Under section 96(3) of the Electric Utilities Act, a PPA that is terminated is deemed to have been sold to the Balancing Pool and the Balancing Pool becomes responsible for offering the capacity into the market and in making payments under the PPA to the generator. The Balancing Pool has the option of either continuing to hold the PPA, reselling it or terminating it by paying the generator an amount equal to the net book value of the generating unit.

Termination of the PPAs

Given the foregoing, the PPAs cancelled by TransCanada, Enmax and AltaGas would normally revert to the Balancing Pool. Initially, it appeared that the Balancing Pool would accept the transfer of a cancelled PPA on these terms. On February 24, 2016, having received the first notice of termination from Enmax, the Balancing Pool issued a press release stating that it confirmed  Enmax’s right to terminate its PPA and that the Balancing Pool would now step into Enmax’s shoes as a buyer under the PPA. However, one month later on March 21, 2016, the Balancing Pool issued a press releasestating that having also received the notices of termination from TransCanada and AltaGas, the Balancing Pool would conduct an investigation to verify the reason for termination of the PPAs and assess and analyze the potential impacts.[3]

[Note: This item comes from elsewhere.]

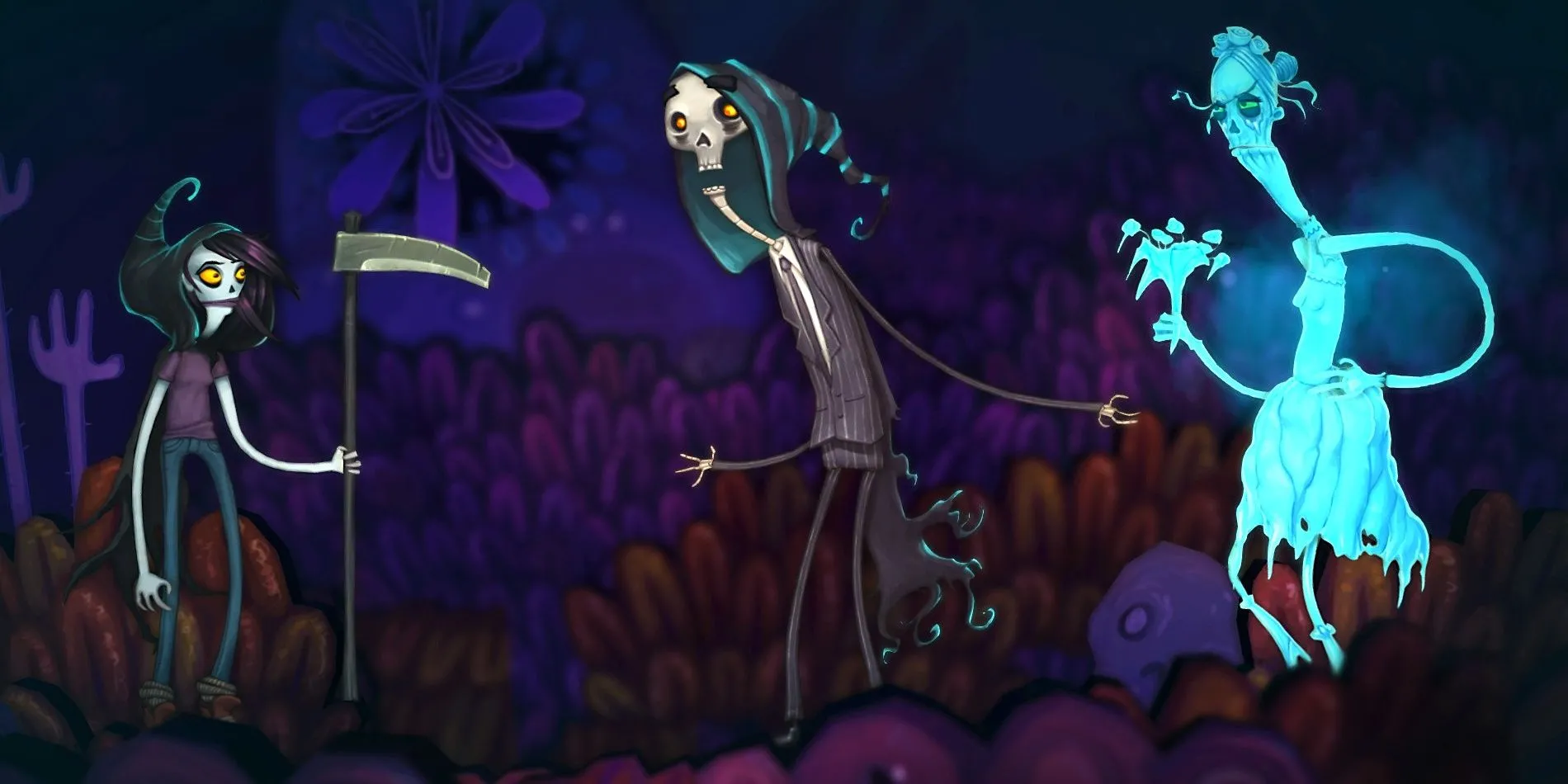 Penny trò chuyện với Tử Thần trong game Flipping Death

In the meantime, on March 14, 2016, Premier Notley announced the government was reviewing Enmax’s termination of its PPA and whether or not it met the criteria necessary to revoke the PPA. Premier Notley’s recent comments to the press suggest the government intends to challenge any move by Enmax, TransCanada and AltaGas to terminate the PPAs. Premier Notley stated that the companies should not be able to terminate the PPAs on the basis that there was a change in law that made them unprofitable because the law hasn’t changed yet. The Premier noted that the largerClimate Leadership Plan had not yet come into effect. Furthermore, Premier Notley questioned whether or not the SGER amendments constituted a change in provincial law sufficient to trigger the termination provision. Premier Notley stated that the initial SGER legislation was enacted in 2009 and put a $15 per tonne levy on excess CO2 emissions. All that her government has done, Premier Notley stated, was to raise the levy to $20 as of January 1, 2016.

While the government initially stated that the transfer of the cancelled PPAs to the Balancing Pool would have minimal impact to consumers, other commentators suggest that these PPAs will erode the Balancing Pool’s overall assets by approximately $1 billion and that consumers may see their electricity bills increase as a result.

Professor Bankes notes that third parties may also enter into the fray. Professor Bankes states that if the parties to the PPA (including the Balancing Pool) do not contest the validity of these companies’ decision to terminate the PPAs, the decision of the Balancing Pool to accept the validity of a buyer’s decision to terminate is a statutory decision which may be subject to a judicial review application by an interested third party such as a consumer group or the Utilities Consumer Advocate.[4]

The Balancing Pool has not announced when it expects to conclude its investigation. Given the comments of the Premier and positions of the companies, it seems that whatever the decision of the Balancing Pool, this matter may well find its way to the courts.